Toda la palabrería hueca de los gabinetes de prensa de los medios de comunicación y la de los políticos electos ha sido de una pobreza intelectual que raya la indecencia.
Los ciudadanos del Principat no pueden pagar 3.000 euros por una entrada para ver aparatos que intoxican la inteligencia. Ahora sueltan unas cantidades de dinero en pérdidas que hacen reír.
Se sabe que, cuando se gana, siempre es muy poco, pero cuando hay mermas siempre son colosales. Así todas las cantidades que se filtran son pura imaginación.
Afortunadamente en dos días todo olvidado. Las lágrimas humedecen el papel del diario y las pantallas se arrugan de tanto sollozo.
En cambio, como muy bien dice el psicólogo investigador Paul Bloom, al estar inscrito en una moral fundada en la empatía, no existen victimas específicas, lo que impide a las personas actuar. Es lo que sucede con la contaminación medioambiental.
Por eso, la gran suerte ha sido librarnos por un año de la huella ecológica que producen todos estos pijos cosmopolitas, que necesitan una energía indecente que contamina la ciudad más de lo que está habitualmente. Y es que esto nunca se dice: la gente anónima cada día tiene ataques de asma.

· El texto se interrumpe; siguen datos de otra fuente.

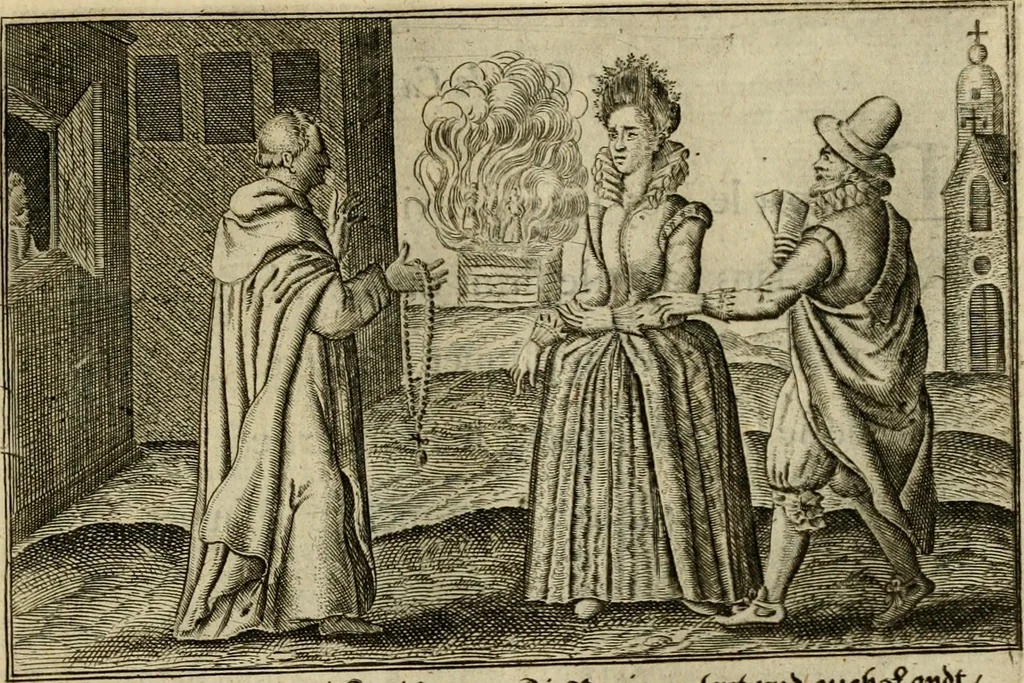An illustration from Le centre de l'amour : decouvert soubs divers emblesmes galans et facetieux, 1687, leaf 180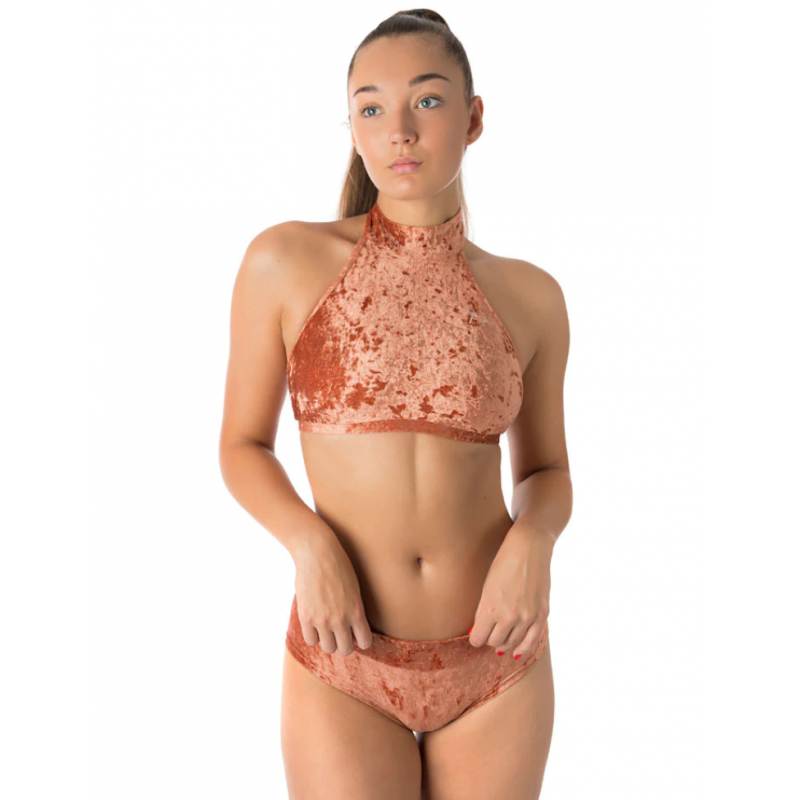 Top LISETTE samt bronze Dragonfly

La comedora de las ferias tiene en nómina a lo más granado de las castas parasitarias, que son como una monarquía encubierta constitucionalista hasta la extenuación, y que salieron corriendo el 1-O, el día de la dignidad de las masas, para proteger un patrimonio que se van pasando de generación en generación.
Son los que viven en simbiosis de lo público y de lo privado, gracias a políticos reconvertidos como la alcaldesa.